Les promesses d’une richesse universelle se sont évanouies par l’effet du fonctionnement inhérent au système capitaliste, qui concentre le capital et les outils de production entre quelques mains, quelles soient individuelles (les hyper-riches), institutionnelles (certaines banques dont notamment la Banque Mondiale ou le FMI), ou des constructs économiques (sociétés multinationales, fonds de pension). L’inégalité tellement flagrante de la répartition des richesses démontre combien cette promesse est fausse, et l’idée libérale selon laquelle les dépenses des riches enrichissent l’ensemble de la société est tout autant absurdement fausse.
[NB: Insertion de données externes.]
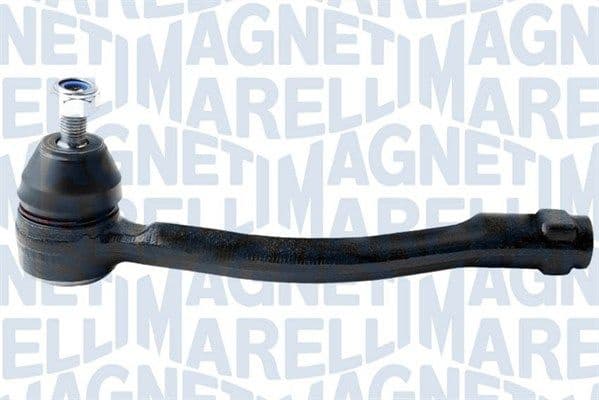 Tie Rod End 301191604770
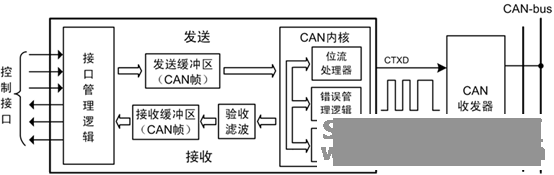 å¾®ä¿¡å¾ç_20201029191630.png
L’emploi dépend de la capacité des entreprises à vendre leur production de biens ou de services, ce qui implique une société essentiellement consumériste où les biens matériels se doivent d’être obsolètes, sans cesse remplacés par de nouvelles versions augmentées de gadgets que l’on présente comme indispensables. La promesse selon laquelle le progrès est pourvoyeur d’emplois est elle aussi complètement fausse, notamment du fait de la continuelle densification de la mécanisation et de l’automatisation des moyens de production destinée à remplacer la main d’œuvre humaine. La civilisation industrielle est une civilisation de machines. Et les humains, malgré leur continuelle croissance démographique, deviennent peu à peu inutiles et donc sacrifiables selon le postulat de certains transhumanistes qui envisagent des interfaces entre les humains les plus méritants (les Ubermensch) (1) et les machines qui augmenteront leurs performances. Le progrès selon les transhumanistes envisage de faire disparaître les humains jugés inutiles, rejoignant en cela les pires barbaries du siècle dernier.
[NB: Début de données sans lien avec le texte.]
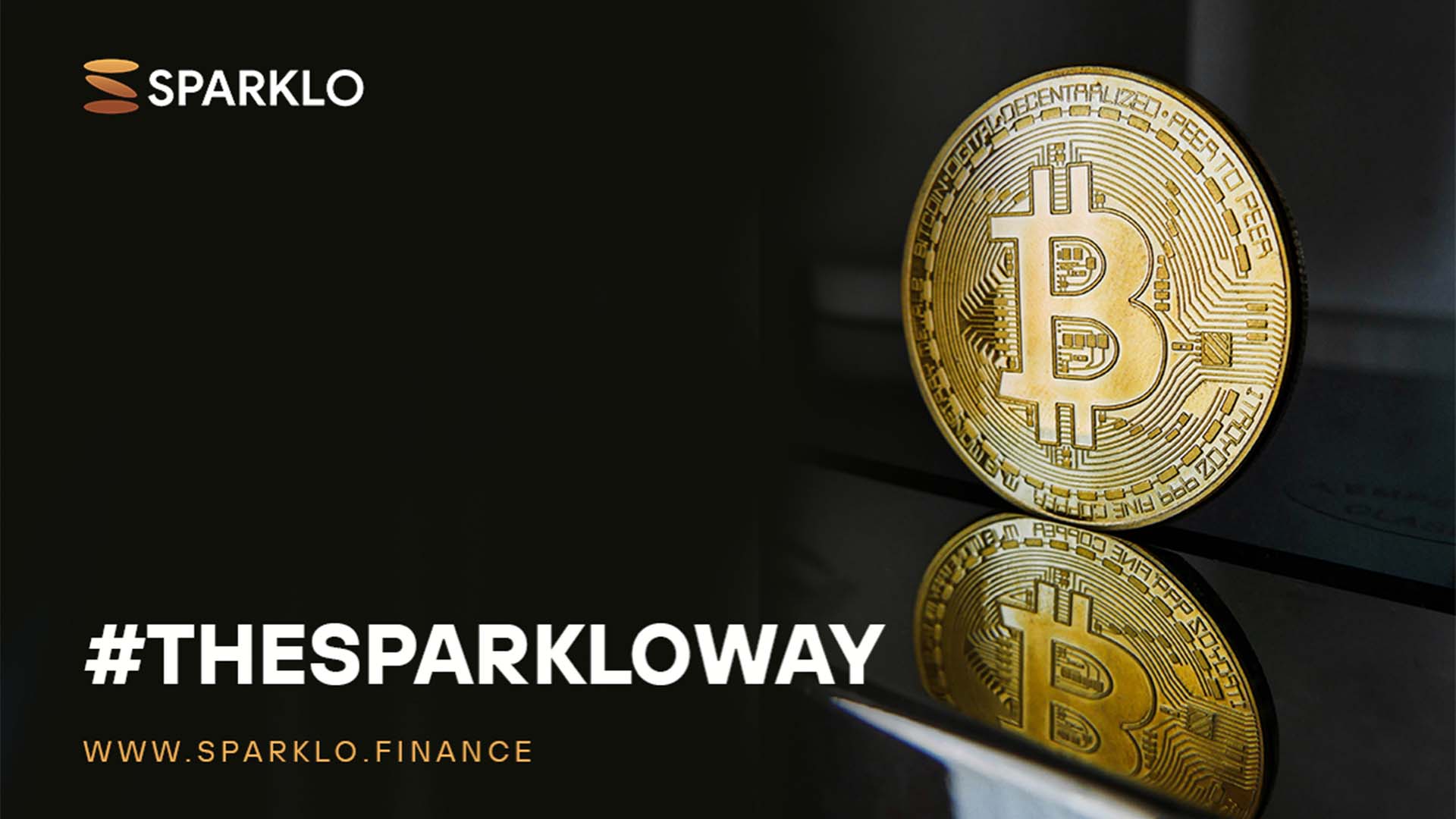 Sparklo Project Draws Investor’s Attention as EOS And Multiversx Coin Prices Rallies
Le confort est jugé selon des critères régis par l’évolution des besoins sociaux, qu’ils soient réels ou non grâce à l’invention de nécessités qui n’existaient pas auparavant. Bien souvent l’idée que l’on nous donne du confort passe par l’appropriation d’objets destinés à montrer son appartenance à tel ou tel rang social. La propriété patrimoniale (château, piscine, voitures) mais aussi culturelle (achats d’œuvres cotées), éducative (« grandes » écoles), la profession exercée (cadre supérieur, directeur d’entreprise ou de cabinet), le type de loisirs partagés (week-ends de chasse, fréquentation de restaurants gastronomiques et de clubs exclusifs) sont autant de signes de réussite sociale d’une classe qui s’auto-proclame supérieure. Et dont l’ambition se résume à progresser vers un rang plus élevé, de ne surtout pas donner prise à la moindre faiblesse sous peine de déchéance, dans une compétition farouche et brutale. La promesse progressiste vers davantage de confort et de pouvoir joue ici pleinement son rôle et participe à une forte hiérarchisation des rapports sociaux. On peut cependant se demander si cette perpétuelle compétition représentative d’un certain type de civilisation dite progressiste n’est pas plus barbare et sauvage qu’une tribu amazonienne ayant des relations sociales apparemment plus frustes, mais élaborées dans le but d’atténuer les divisions plutôt que les exacerber. Lorsqu’un dirigeant de la caste progressiste et industrialiste se moque avec mépris et condescendance d’autres modalités d’organisation sociale, qu’elles soient Amish, Aborigène ou Inuit, il se positionne (lui et sa caste) comme un être humain différent de la masse des autres, un être supérieur (Ubermensch) qui se confronte à la plèbe, aux êtres inférieurs. Cela ne peut pas aboutir au moindre progrès.

Le mythe de la civilisation industrielle repose donc sur une énorme supercherie, aucune de ses promesses ne pouvant être respectée. Pour perpétuer l’idéologie du progrès, seule une continuelle fuite en avant doit précipiter l’ensemble de la société. Le progrès ne peut être que futur, il ne se conjugue jamais au présent, car il ne peut que prédire l’illusion d’hypothétiques lendemains meilleurs.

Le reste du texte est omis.